Edin's Hall Broch
Edin's Hall Broch

Edin's Hall is an impressive prehistoric site comprising a defended settlement with a large circular broch, within a series of earthwork ramparts and ditches. There has been no proper excavation of Edin's Hall, so we don't know for certain just how old the remains are. It is possible that the broch was built within a much earlier enclosure, possibly after the settlement had ceased to be occupied.

What makes Edin's Hall so intriguing is that brochs are uncommon in southern Scotland. Most brochs were built in the Highlands, and most of those far to the north-east in Caithness, Orkney, and Shetland. So it is rare to find a broch, particularly one in such good repair, so far south.

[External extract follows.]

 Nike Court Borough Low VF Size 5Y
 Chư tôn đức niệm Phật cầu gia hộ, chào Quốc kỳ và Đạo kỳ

Historic Scotland is a little vague about exactly when Edin's Hall was occupied; the best guess is during the late Iron Age and on into the Roman period.

The broch interior
The broch interior

Visiting Edin's Hall

Most of the articles I read when researching a visit to Edin's Hall simply called it a broch, but that can give you the wrong impression; there certainly is a broch at the heart of the site, and a very impressive one it is, too, but the broch is only one part of a large fortified settlement occupying this mostly level site on the slope of Cockburn Law.

There are very obvious foundation walls of numerous buildings, some of which certainly look more like workshops rather than dwellings. The entire site is encircled by low banks and ditches. It really is quite an impressive site. There is an information board at the site entrance and another outside the broch.

As for the broch itself, it is very impressive, with massive walls, though none standing to more than about 4-5 feet high. The broch is entered by a single doorway which gives access to a central, circular courtyard.

There are three openings off the centre through narrow doorway passages which split two directions to create pairs of chambers served by a single opening. There are also two chambers near the main entrance which don't have any obvious entrance - perhaps they were storage areas reached from above, or cisterns for water?

I've read differing articles online of just how far the broch is from the parking area. Even the Historic Scotland website is rather unclear. I can tell you that it took us exactly 40 minutes to walk up to the broch, with a reluctant 10-year-old in tow, and we came back about 5 minutes faster, despite a rather unpleasant rainstorm.

It is a very pleasant walk, mostly level except for the last stretch up the hill to the settlement.

For goodness sake, do wear adequate footwear, though, as it can be muddy. The path is well signposted and should present no problems at all. Even if there wasn't an intriguing historic site at the end of it, the walk to Edin's Hall would still make for a very enjoyable outing in wonderful scenery.